Analyzed: March 31, 2026 leak snapshot
This page documents the model-selection layer that is directly visible in source. Provider-specific setup details belong on separate Bedrock and Vertex pages.

Model families in source

The codebase is built around three active Claude families:
  • Opus
  • Sonnet
  • Haiku
The default mappings visible in src/utils/model/model.ts point to:
  • Opus 4.6
  • Sonnet 4.6 for first-party
  • Sonnet 4.5 as the conservative third-party default
  • Haiku 4.5 as the default small-fast model
These are implementation defaults from the analyzed snapshot, not stable product promises.

Provider routing

Provider selection is environment-driven in src/utils/model/providers.ts:
  • CLAUDE_CODE_USE_BEDROCK => Bedrock
  • CLAUDE_CODE_USE_VERTEX => Vertex AI
  • CLAUDE_CODE_USE_FOUNDRY => Foundry
  • Otherwise => first-party Anthropic API
This provider choice affects more than credentials. It also changes default model picks and some capability assumptions.

Main loop model resolution

The main loop model is resolved in priority order:
  1. In-session override, such as /model
  2. Startup override from CLI flags
  3. ANTHROPIC_MODEL
  4. Saved settings
  5. Built-in default
If a user-specified model is not allowed by the model allowlist, the code ignores it and falls back.

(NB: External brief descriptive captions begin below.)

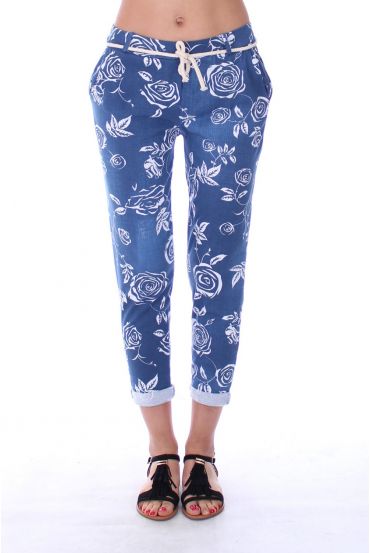 BROEK 9192 PRINTS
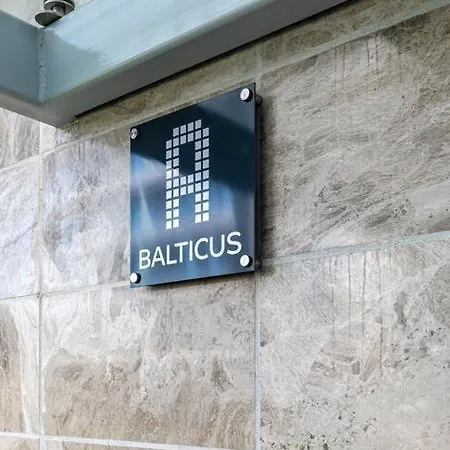 Balticus Promenada Gwiazd 14 A Apartament 78-2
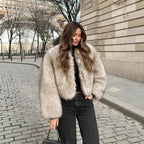 Elegant and Comfortable Women's Winter Jacket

Defaults by account and provider

The default model setting is not universal. From getDefaultMainLoopModelSetting():
  • Anthropic internal builds default to a configured override or Opus with 1m context
  • Max and Team Premium default to Opus
  • Other users default to Sonnet
  • Third-party providers may pin older Sonnet defaults than first-party
That makes the default model a policy decision, not just a constant.

Runtime adjustments

The selected model can still change at execution time. getRuntimeMainLoopModel() applies extra rules such as:
  • opusplan using Opus in plan mode
  • haiku upgrading to Sonnet in plan mode
  • Avoiding certain 1m decisions when token pressure is too high
So there are really two stages:
  • Session model selection
  • Per-turn runtime model selection

Thinking modes

The thinking layer is defined in src/utils/thinking.ts:
  • adaptive
  • enabled with explicit token budget
  • disabled
Thinking is enabled by default unless configuration explicitly turns it off. This is one of the clearest places where the source shows Anthropic optimizing for quality first and latency second.

Adaptive thinking support

Thinking support is model-aware and provider-aware.
  • First-party and Foundry treat Claude 4+ as thinking-capable
  • Bedrock and Vertex are more conservative
  • Adaptive thinking is explicitly allowlisted for certain 4.6 models in this snapshot
The code comments are unusually direct here: changing default thinking behavior is treated as a quality-sensitive decision.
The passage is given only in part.